*WHAT THIS TASK INVOLVES*
Below are records with pictures; copy word for word only the lines between the line with "Cranberry red ribbon" and the line with "two excavators dig a new creek channel", inclusive, and drop the pictures.

*THE INPUT*
-------

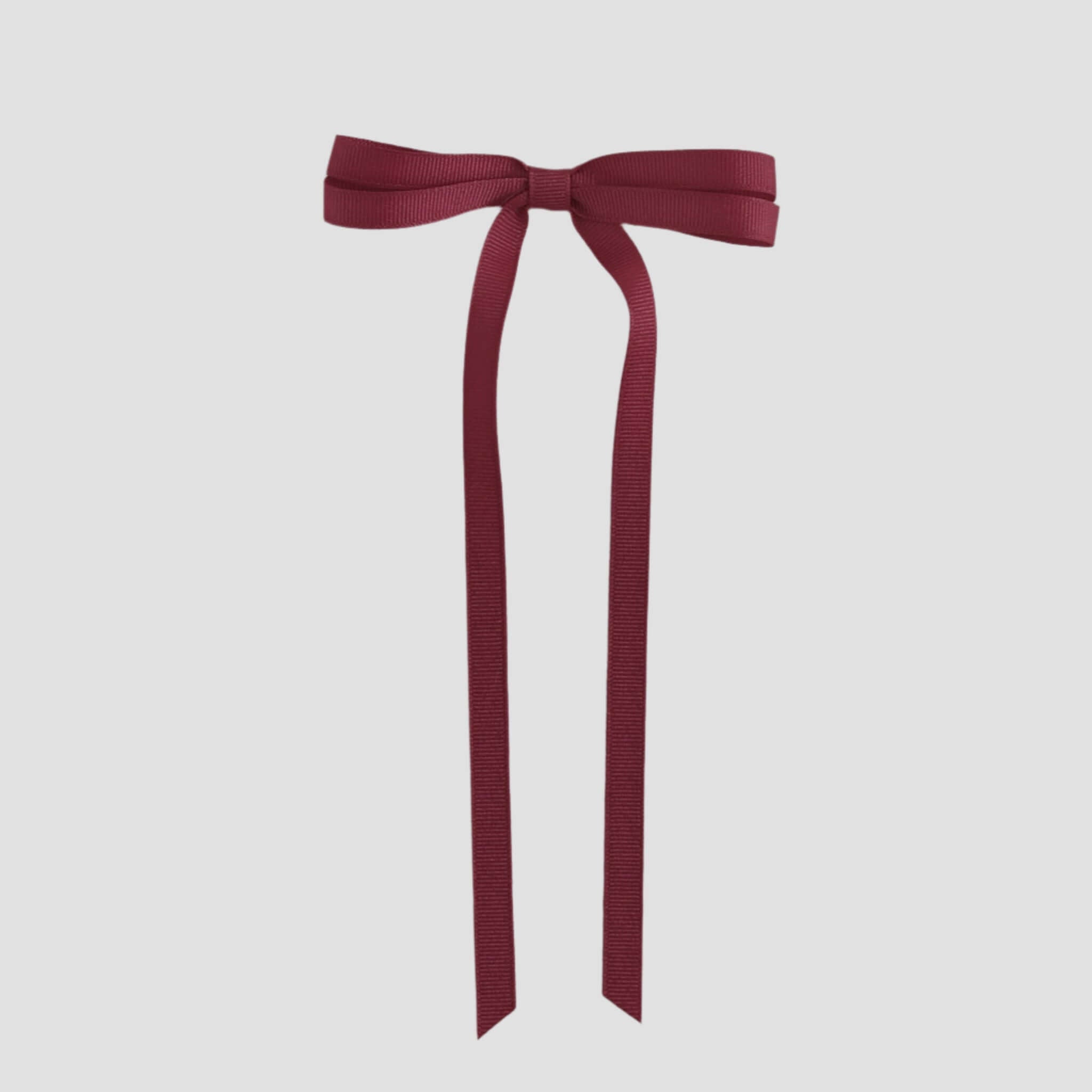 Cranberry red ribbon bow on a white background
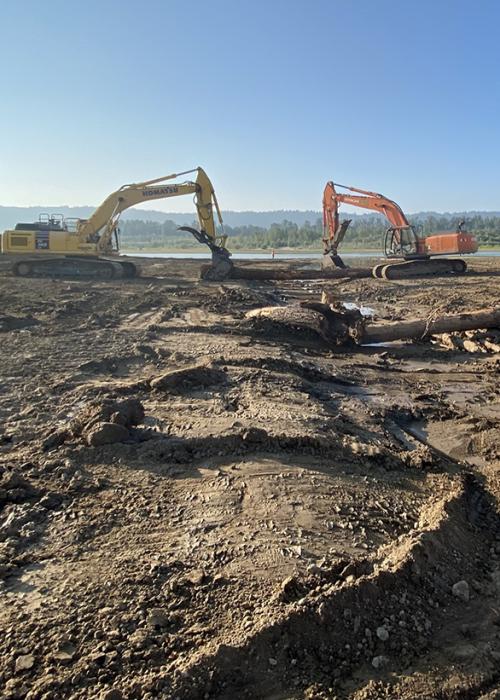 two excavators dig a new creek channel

-------

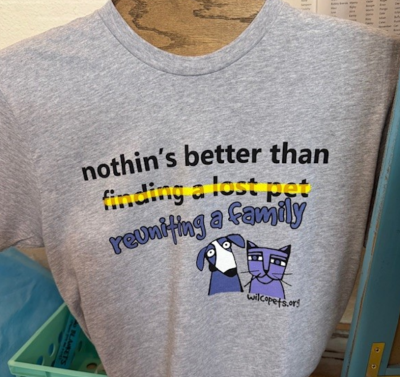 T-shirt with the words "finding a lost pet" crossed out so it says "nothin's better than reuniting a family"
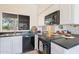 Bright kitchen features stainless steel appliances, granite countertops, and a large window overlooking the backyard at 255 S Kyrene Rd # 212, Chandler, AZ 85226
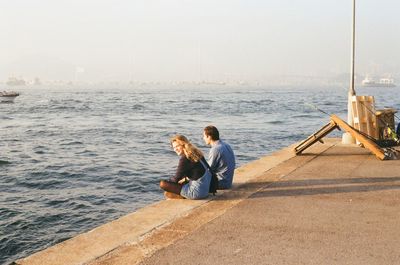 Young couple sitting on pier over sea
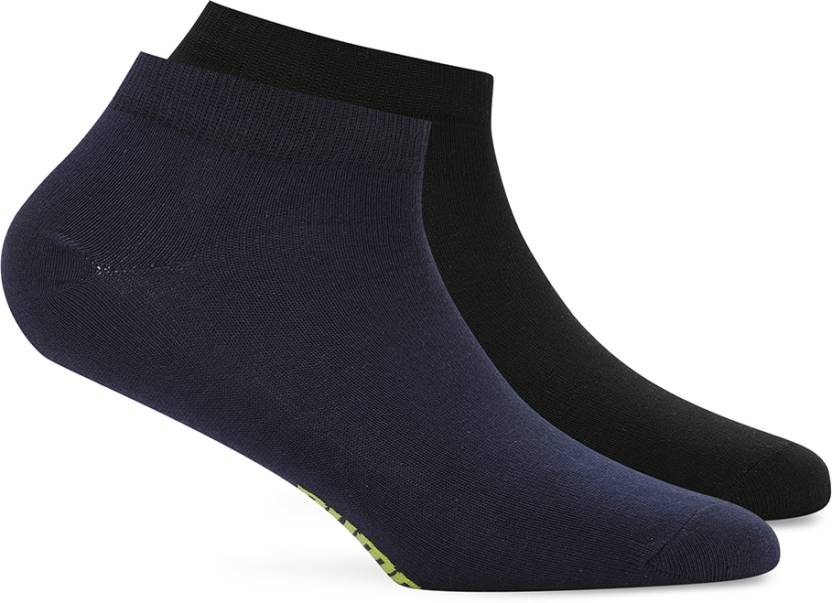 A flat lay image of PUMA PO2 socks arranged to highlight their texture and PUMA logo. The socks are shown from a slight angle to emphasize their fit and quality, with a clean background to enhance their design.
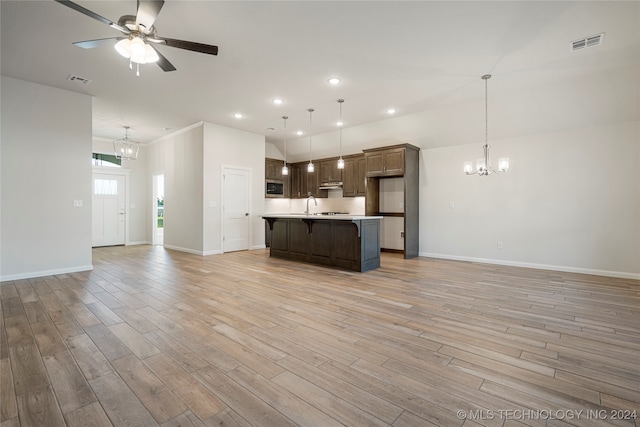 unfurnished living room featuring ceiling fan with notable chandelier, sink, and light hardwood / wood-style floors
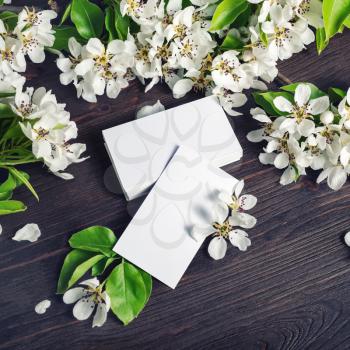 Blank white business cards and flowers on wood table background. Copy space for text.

-------

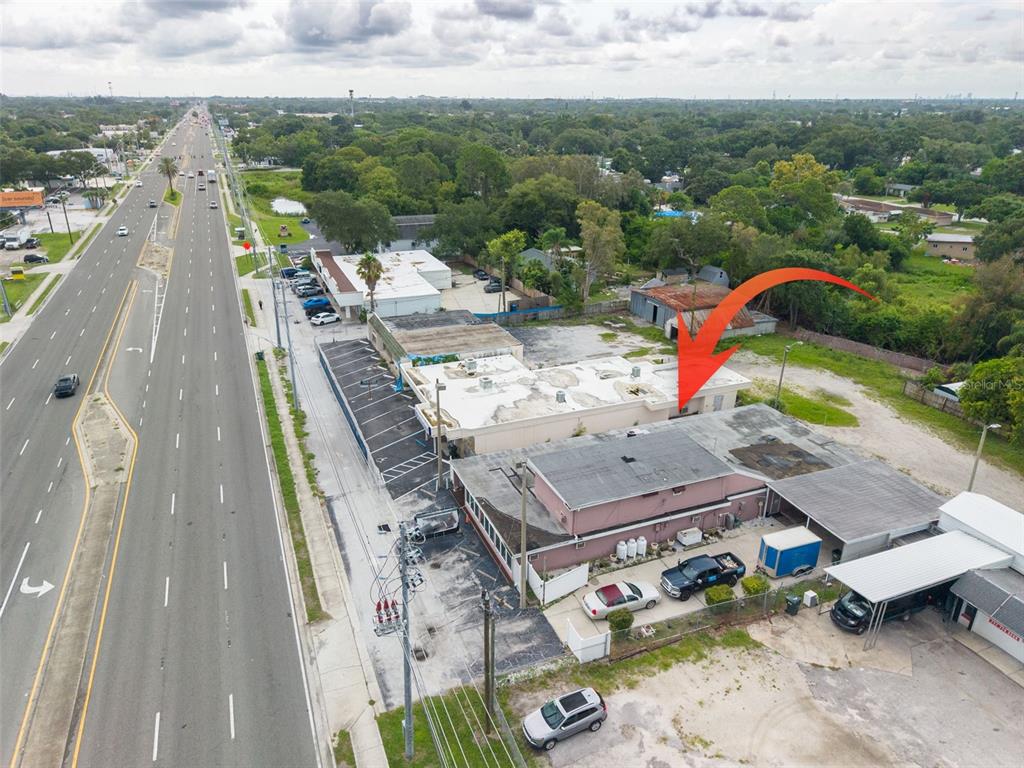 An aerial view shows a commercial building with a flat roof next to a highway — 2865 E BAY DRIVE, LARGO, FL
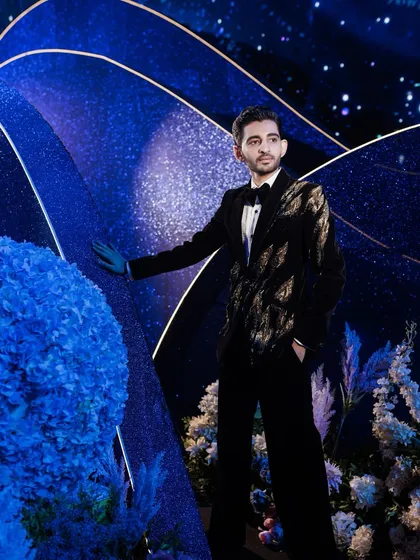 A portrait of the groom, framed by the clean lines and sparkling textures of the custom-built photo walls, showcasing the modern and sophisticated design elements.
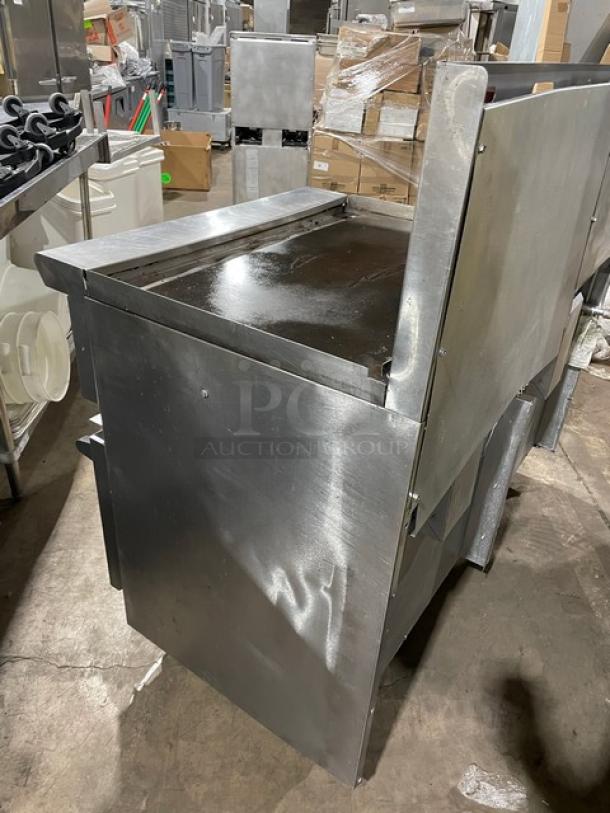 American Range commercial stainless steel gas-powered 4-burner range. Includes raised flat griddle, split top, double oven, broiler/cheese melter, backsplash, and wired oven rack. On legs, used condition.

-------

*SOLUTION BELOW*
 Cranberry red ribbon bow on a white background
 two excavators dig a new creek channel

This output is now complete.